その後、荷馬車から――いや、これはもう「運搬用護送馬車」とでも言うべきか、その馬車の後ろ扉が開くと、続々と中に入っていた者たちが外へと出てきた。大きな荷物を持った者や革製の首輪を付けた者、それに何やら武器を持った者などが続々と出来ては、集落の光景や部下たちを見て驚いていた。まぁ、一々驚いている者に反応するのも面倒なのでさっさと仕事をするように指示を出した。
「それにしても、車輪の方はもう壊れてもおかしくはない状態だが、荷台はそれほど損傷が少ないですね」
「あぁ、あの運搬用護送車には、防御魔法が展開されているらしい。まぁ、俺らからすれば付け焼刃程度だがな。それより、ボルトに頼みたいことがある」
ボルトの方へと体を向け、見下ろすような形で言う。まぁ、なんせ身長差が二十cmもあるのだ。どうしても、このように見下ろすような形になってしまう。俺としては、部下に対してこのような状態で指示を出すのは嫌なのだが、身長差ではどうしようもない。それを分かっているのか、ボルトは微笑みながら体の向きを俺の方へと向け背筋を伸ばした。
「私に頼みごとなんて珍しいですね。で、何を行なえばよろしいのでしょうか? 始祖様から『御館様と協力してホムンクルスを創る』と言う要件は伺っておりますが、早急に対応しなければならない要件であれば、そちらを優先させますがどのような依頼でしょうか」
ボルトに伝えるように頼まれ依頼については、始祖様が話してくれたようなので『その件』は伝えなくて良いだろう。なら、他の件について話すことにした。これは急ぎの件ではないのだが、旦那が「是非、ボルトと共に共同研究したいから伝えといて」と言われた事について伝えた。
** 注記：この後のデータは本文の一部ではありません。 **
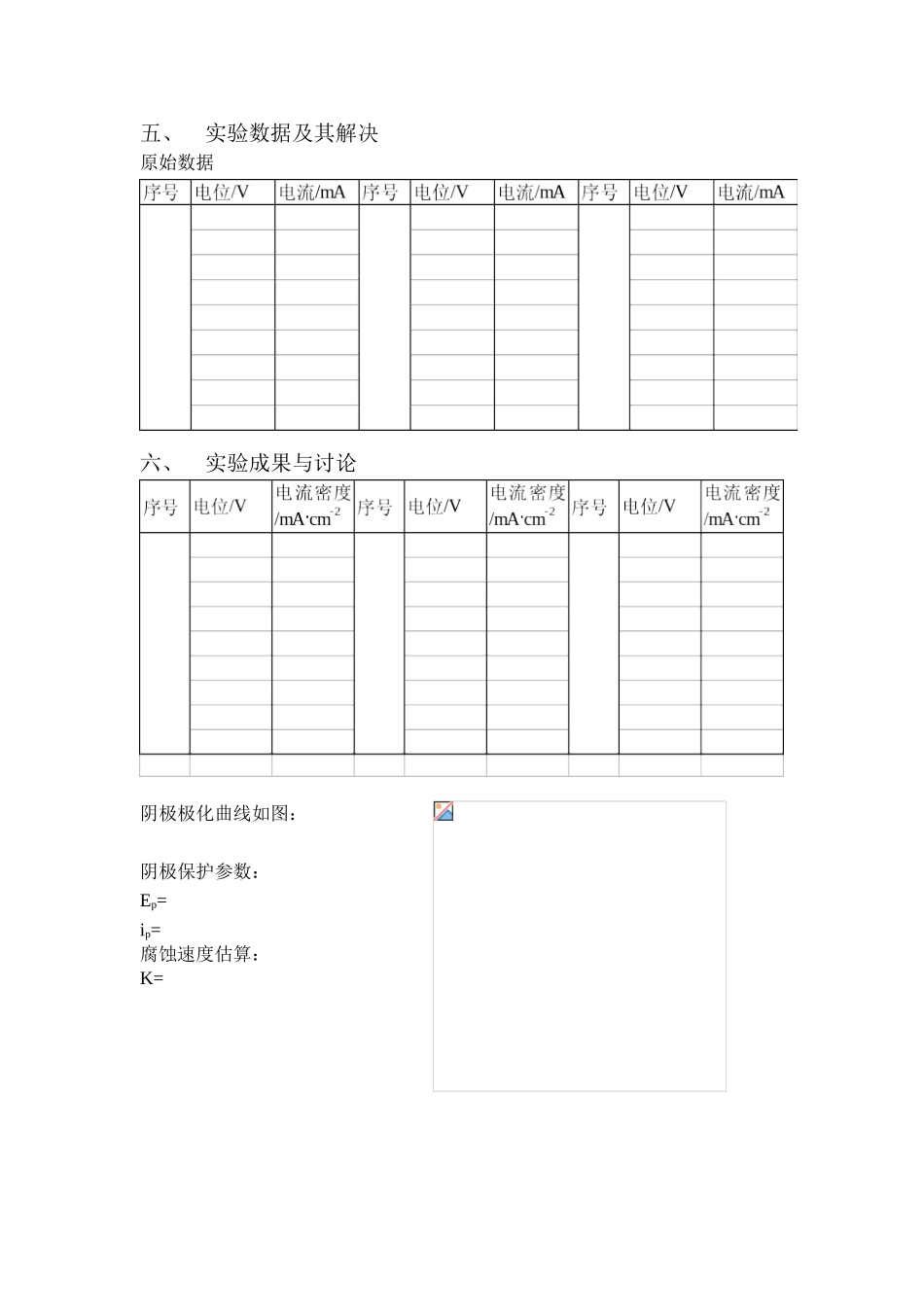 《化工腐蚀与防护》课程实验讲义_第2页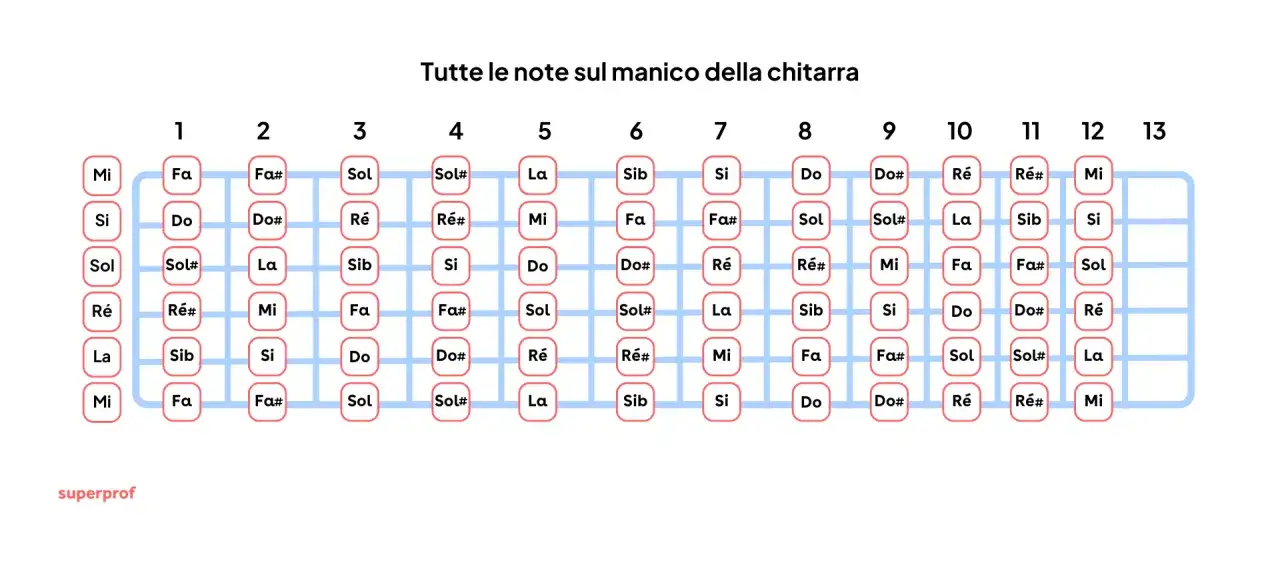 Note sulla tastiera della chitarra - guida per orientarsi
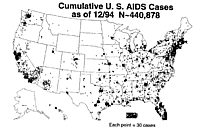 Chart - Cumulative AIDS Cases as of 1994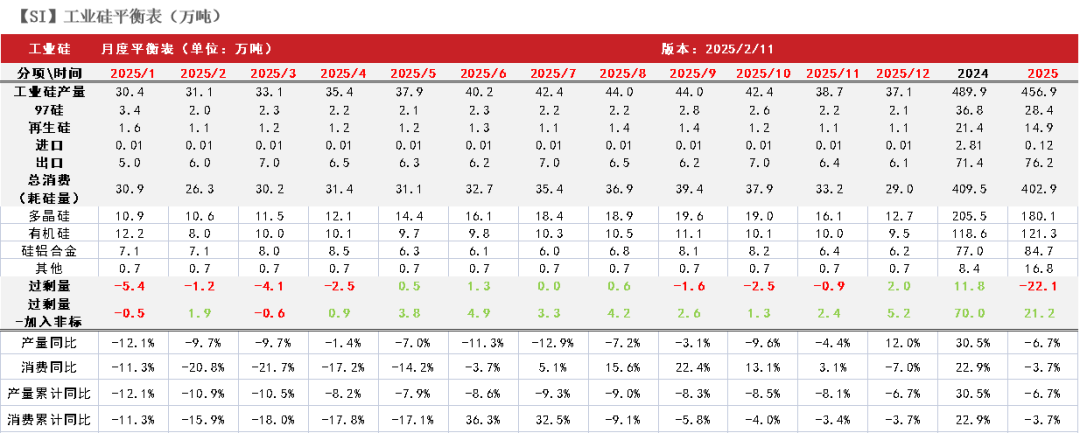 硅:交易点逐步明晰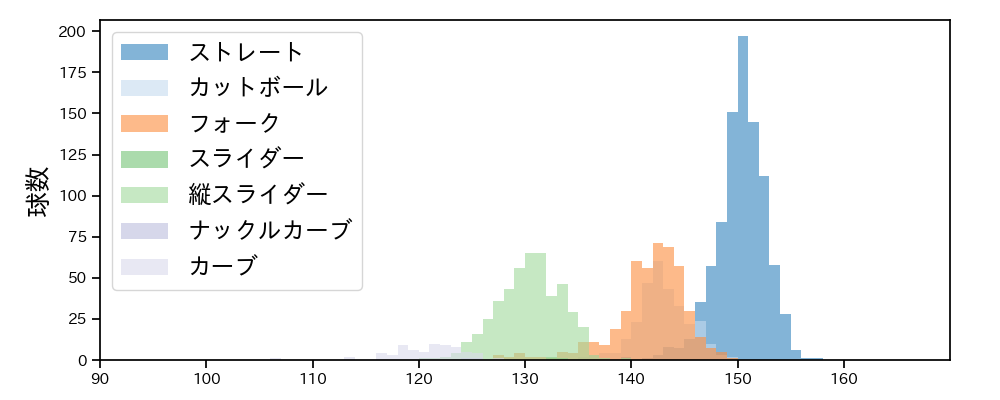 髙橋 光成 球種&球速の分布1(2025年レギュラーシーズン全試合)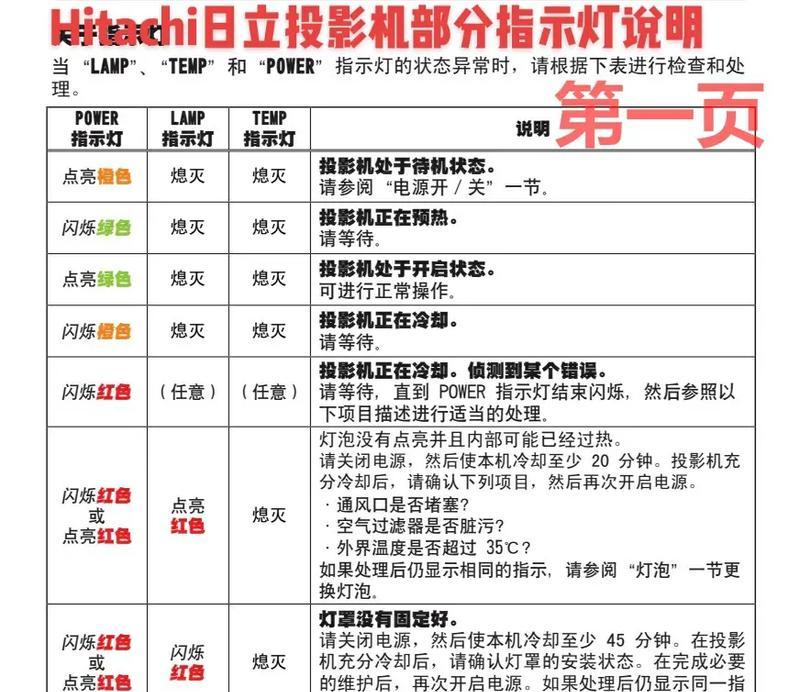 如何解决投影仪开机电源灯亮的问题（投影仪开机电源灯亮原因分析及解决方法）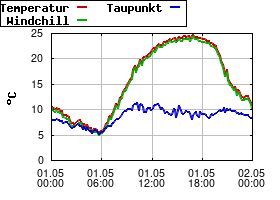 Gnuplot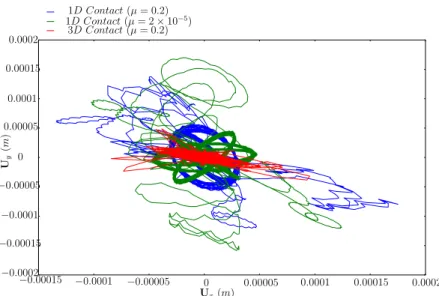 Figure 11: Stator center orbits comparison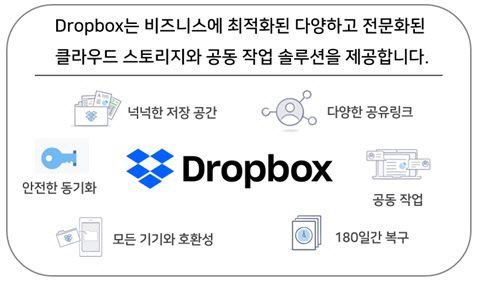 Dropbox 소개(사진=소프트플러스 제공)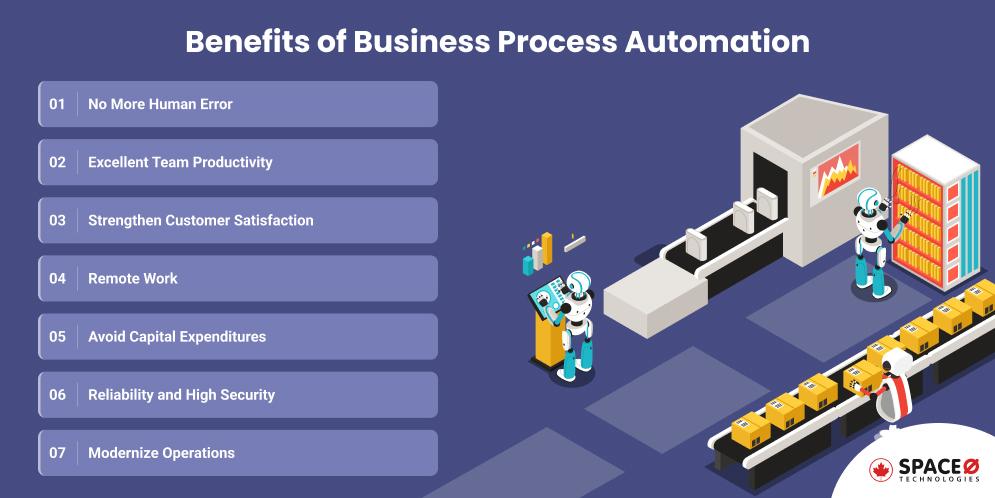Benefits of Business Process Automation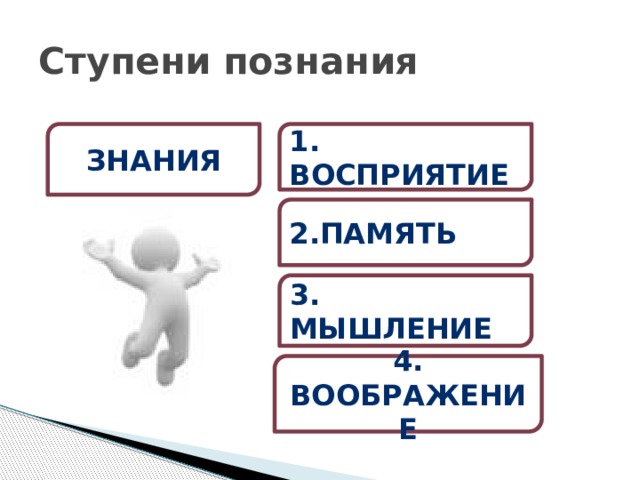 Ступени познания знания 1. восприятие 2.память 3. мышление 4. воображение 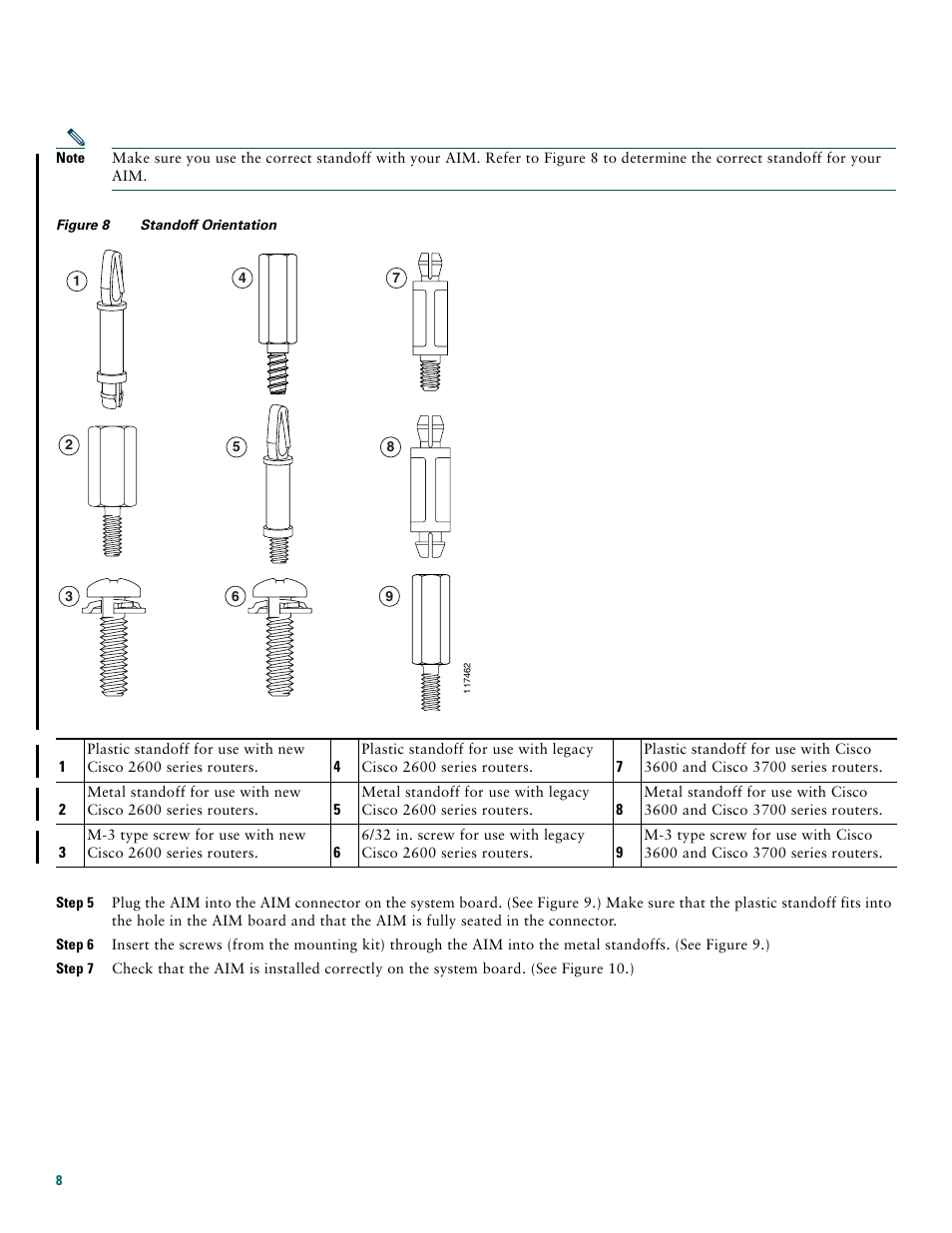 Figure 8 shows the two | Cisco 3600 Series User Manual | Page 8 / 18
「始祖様から聞いているのなら、その件を先に進めて欲しい。それとは別の要件でな、ボルトに伝えといて欲しいと言われている。旦那がダンジョンコアを持って帰って来たのだが、それを研究材料として『ダンジョンを作ろう』と言い出したんだ。そこで、このシャトゥルートゥ集落専用のダンジョン――その名も『試練のダンジョン』を作ろうと言っていた」
「試練のダンジョン、ですか。なるほど、御館様の意図が大体分かりました。了解しました。その件については、ホムンクルスを創り終えてから取り組みます。ところで、ドラゴンの素材についてですが、今は何処に置いてあるのでしょうか」
真剣な表情で俺を見るボルトに、この集落の地図を袖口から取り出し、ボルトに手渡した。この地図は、昨日の晩に書いた物で、今のところこの地図通りの配置に建物を建設している状態だ。修復不可能な家については、一度解体してから同じ場所に家を建てている。修復可能な一割に対しては、なるべく内装をそのままにして修復作業に取り組んでいる。そう言った事も踏まえて書いた地図なのだが、今集落には百人もの移民が来ている。皆が皆、疲れ果てた表情をしており、商人から話を聞いた際、ワケありの者たちだと言っていた。国を追われた姫君やら、戦争に巻き込まれ命かながら逃げてきた農民などなど、ワケありでこの集落に来ているのだが、今の状況では防壁を広げないと彼らがこの集落に住めない状態にある。しかしながら、この地図はそれについて考慮していないため、必要な情報が抜けた地図になっている。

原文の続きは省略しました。